## Requirement:
Give back exactly the line containing "Sabine Gabel" and all that follow it in the data below, with the pictures left out.

## Excerpted data:

* * * * *

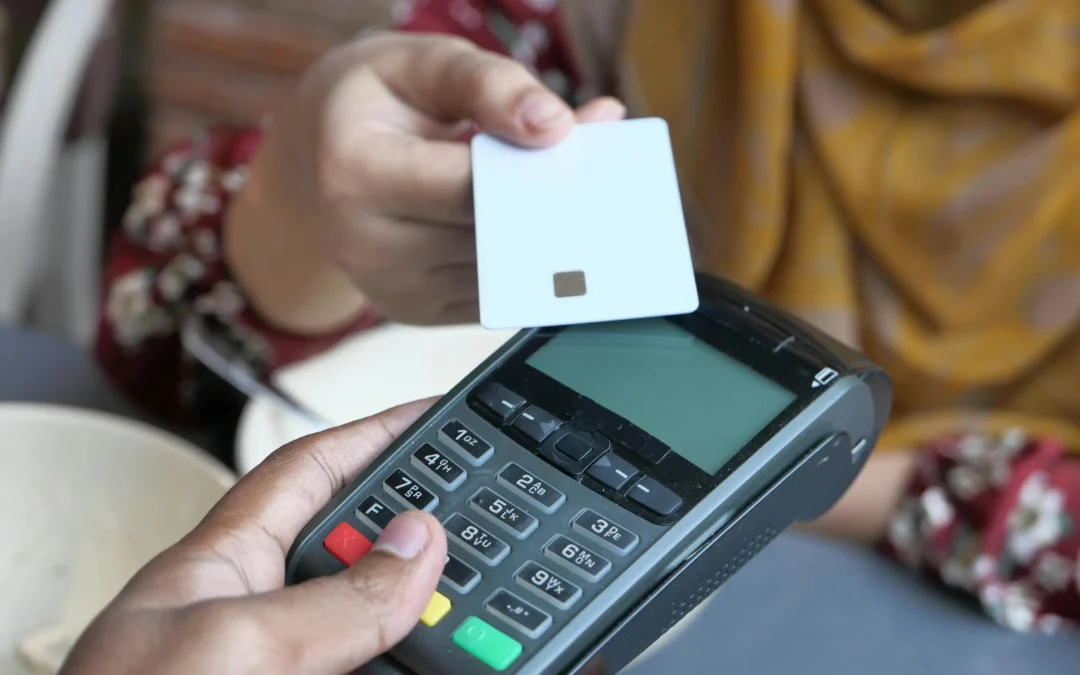 Transforming Manual Payments into a 90% Automated, High-Accuracy System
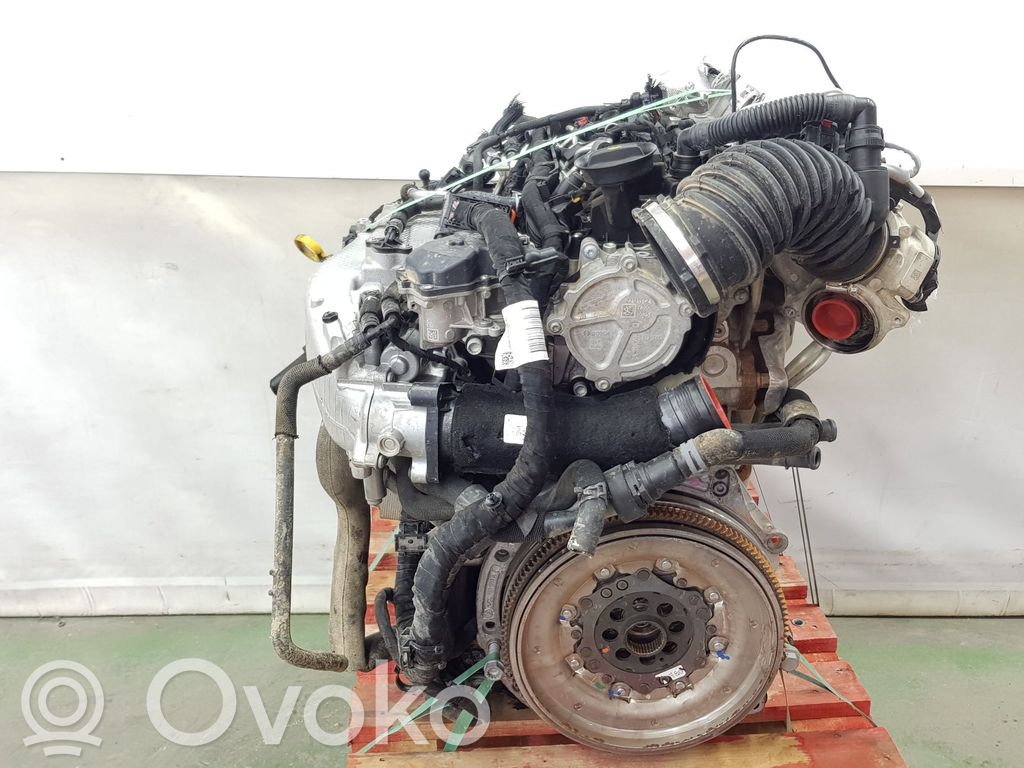 Engine   DTTC,05L100032C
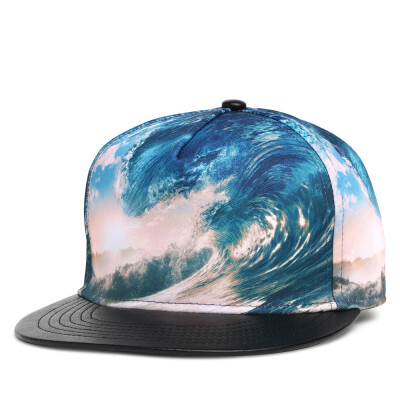 NUZADA 3D Printing Caps Men Women Couple Hip Hop Cap Spring Summer Autumn High Quality Cotton Material Punk
NUZADA 3D Printing Caps Men Women Couple Hip Hop Cap Spring Summer Autumn High Quality Cotton Material Punk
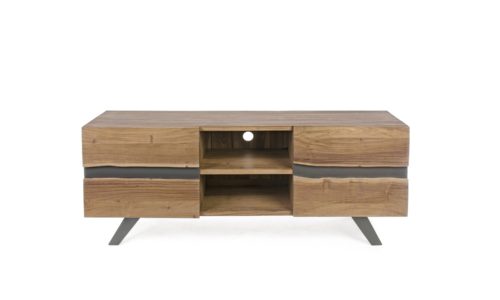 Aron - Mueble T.V. de 160 cm 2P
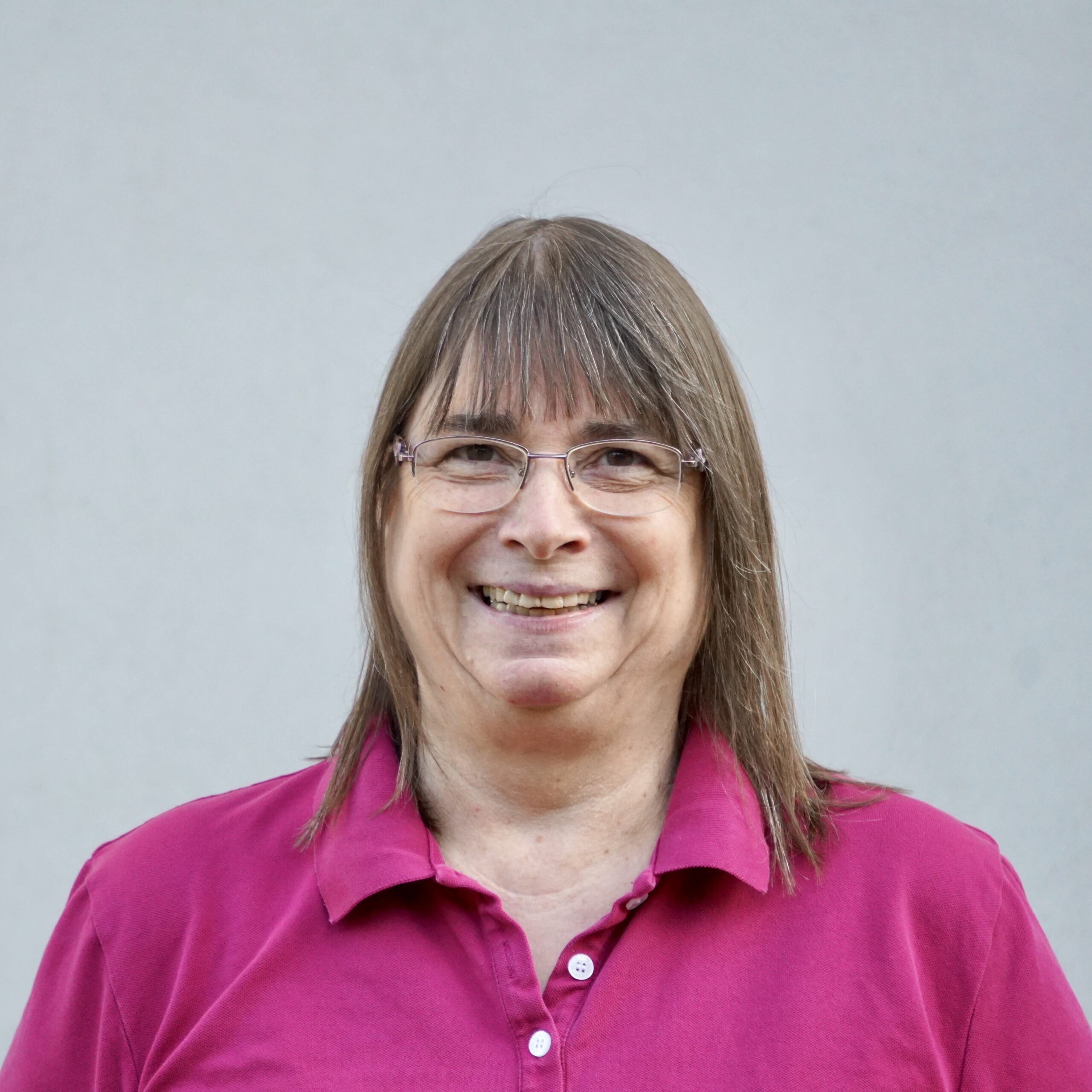 Sabine Gabel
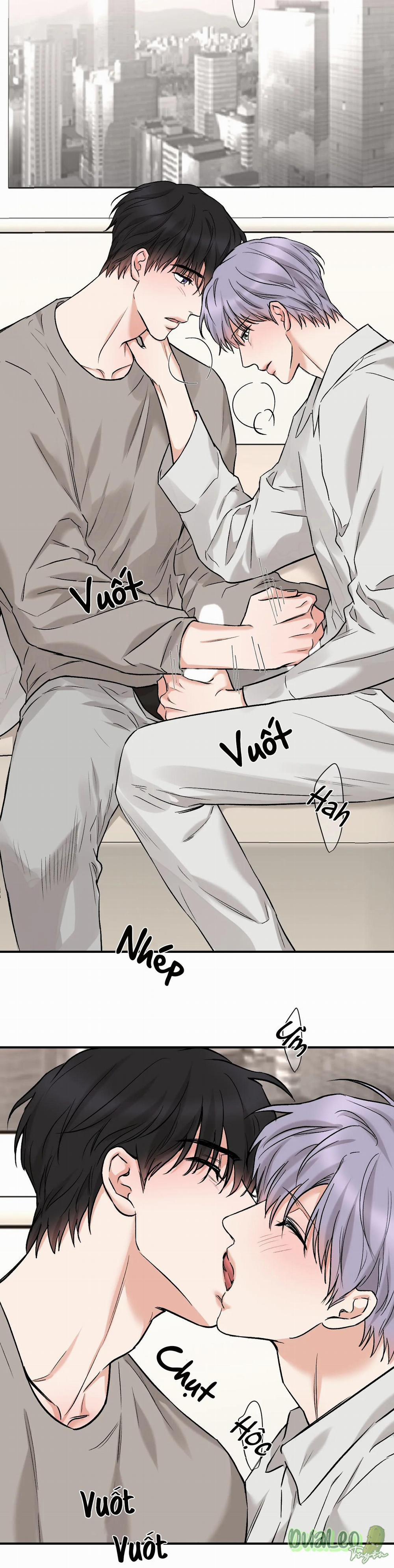 Trong Vòng Bí Mật 91 trang 7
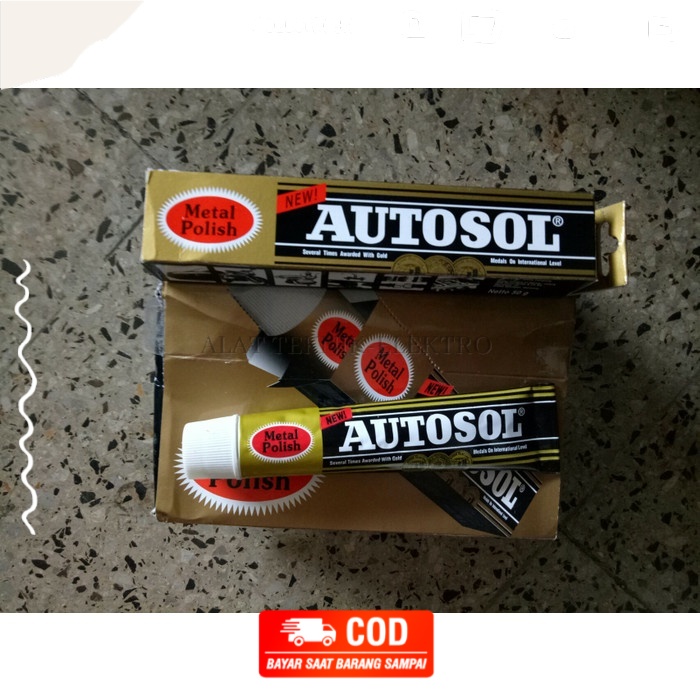 autosol 50 gram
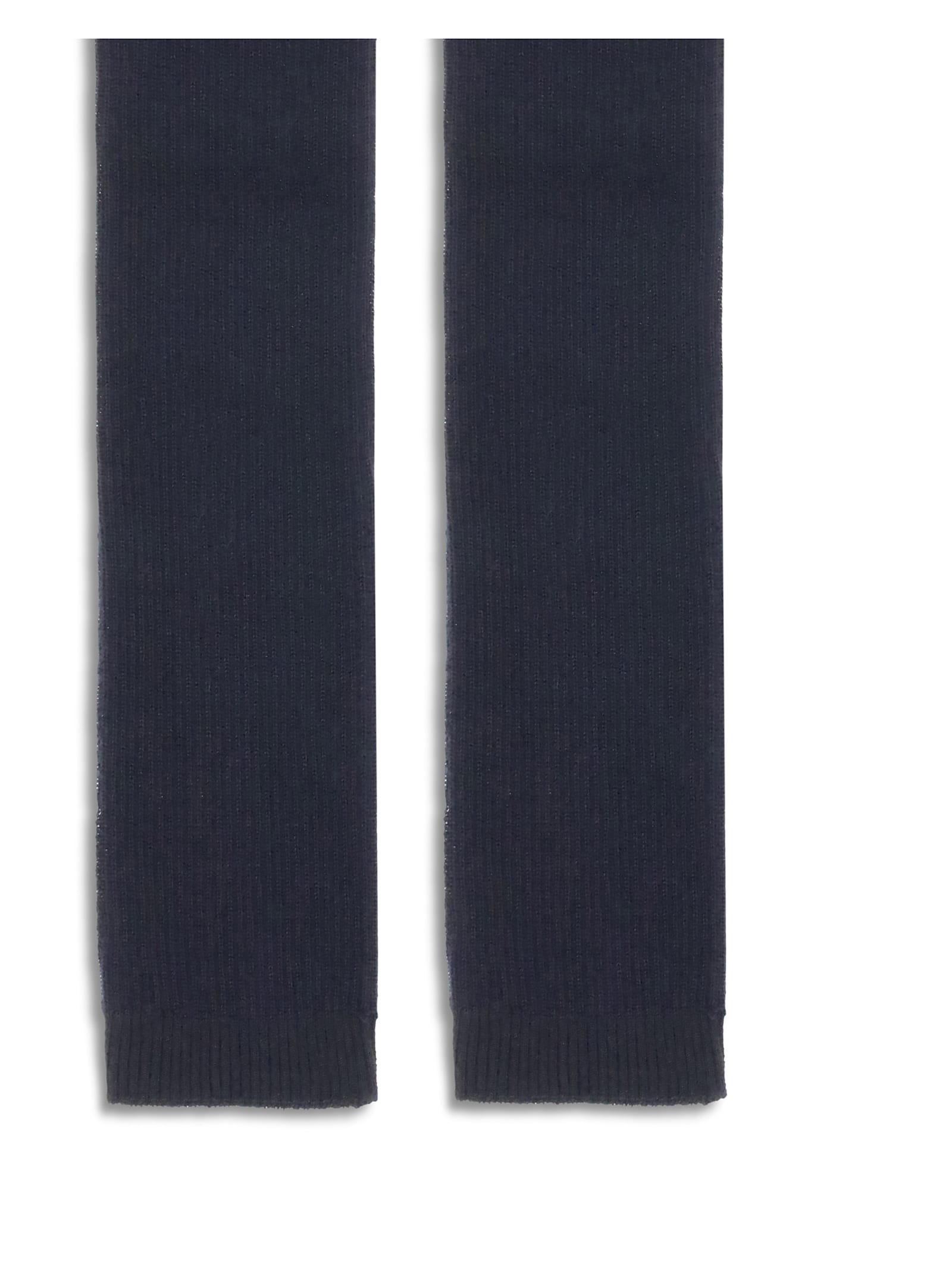 Sa Su Phi Silk And Cashmere Gloves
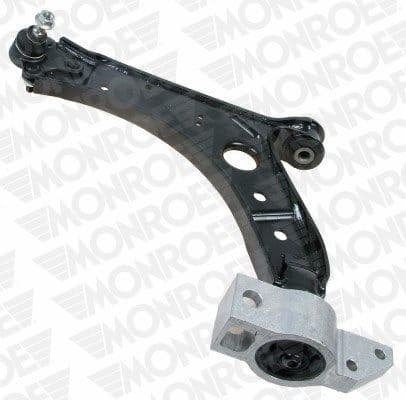 Control/Trailing Arm, wheel suspension L29572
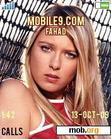 Download mobile theme sharapova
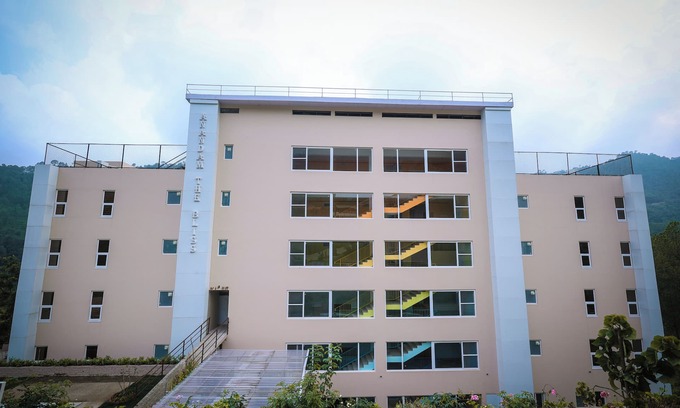 Kumarhatti Apartment | Better Life Homes - For active seniors above 50 years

* * * * *

## Answer to this exercise:
 Sabine Gabel
 Trong Vòng Bí Mật 91 trang 7
 autosol 50 gram
 Sa Su Phi Silk And Cashmere Gloves
 Control/Trailing Arm, wheel suspension L29572
 Download mobile theme sharapova
 Kumarhatti Apartment | Better Life Homes - For active seniors above 50 years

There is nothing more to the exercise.